Beneficial nematodes knock their populations down when I apply them to the substrate. I also use praying mantis nymphs to help with the adults.


----------



## lynnedit (Dec 5, 2011)

I believe previous threads have referred to these as 'fungus gnats', they do fly and are annoying. (vs the 'phorrid flies' which just stay in the substrate). They feed on food residue, waste, and increase with a moist substrate,unfortunately. They are harmless to the torts.
A bioactive substrate can help control these, most of us don't have these set up.

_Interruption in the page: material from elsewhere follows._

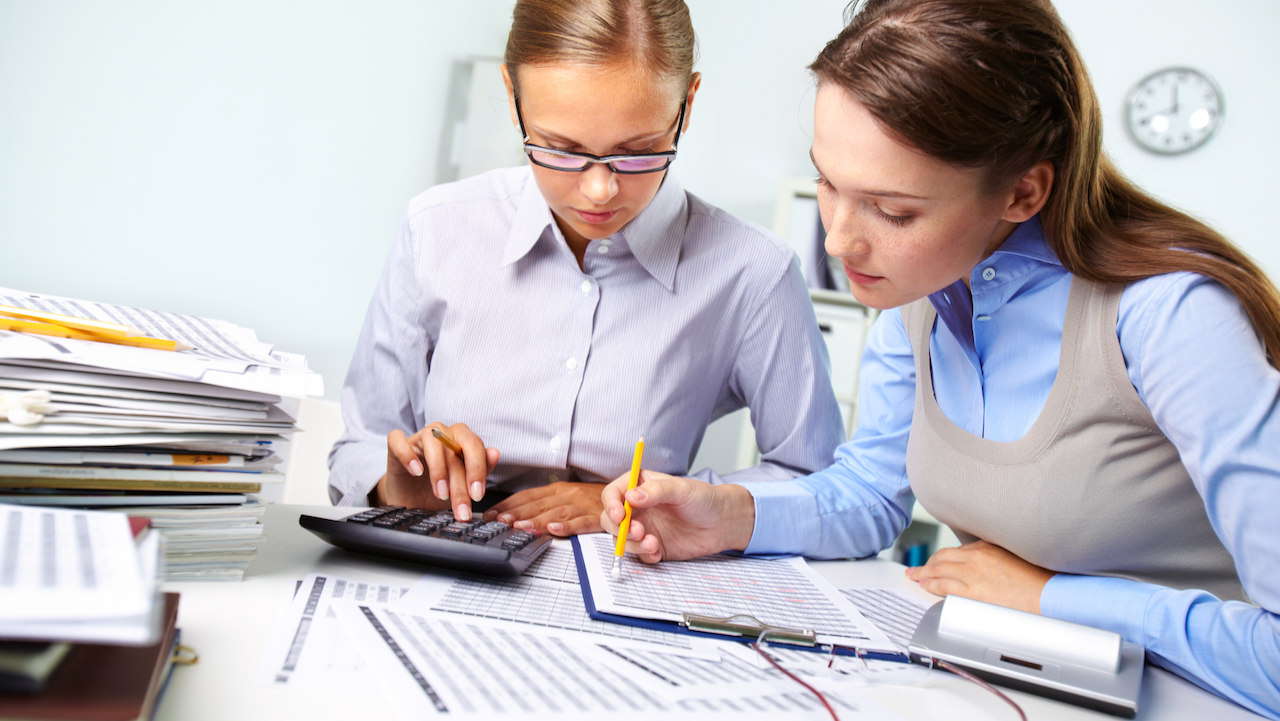 Concentrated business women reviewing accounting report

Baoh, I have used the beneficial nematodes outside, because it is safe around pets and kids. What brand/source do you use?
And where do you get the praying mantis nymphs this time of year? Once they mature, what do you do?


----------



## y4433264336 (Dec 5, 2011)

can i use this?


----------



## Baoh (Dec 5, 2011)

lynnedit said:


> Baoh, I have used the beneficial nematodes outside, because it is safe around pets and kids. What brand/source do you use?
> And where do you get the praying mantis nymphs this time of year? Once they mature, what do you do?



I use a vendor on eBay. 

I hatch the nymphs from ootheca by adding them to the enclosures where the warmth accelerates development. Imagines can be released outside (depending upon the species) if the weather is hospitable, but I typically give them to my leopard geckos, horned frog, and other animals. Since I keep a horned frog in one particular enclosure, it tends to take care of this itself. He is not so much a pet as much as he is a culling device for unfit leopard gecko offspring. My Manouria occasionally eat the mantises, too.


----------



## lynnedit (Dec 6, 2011)

y4433264336 said:


> can i use this?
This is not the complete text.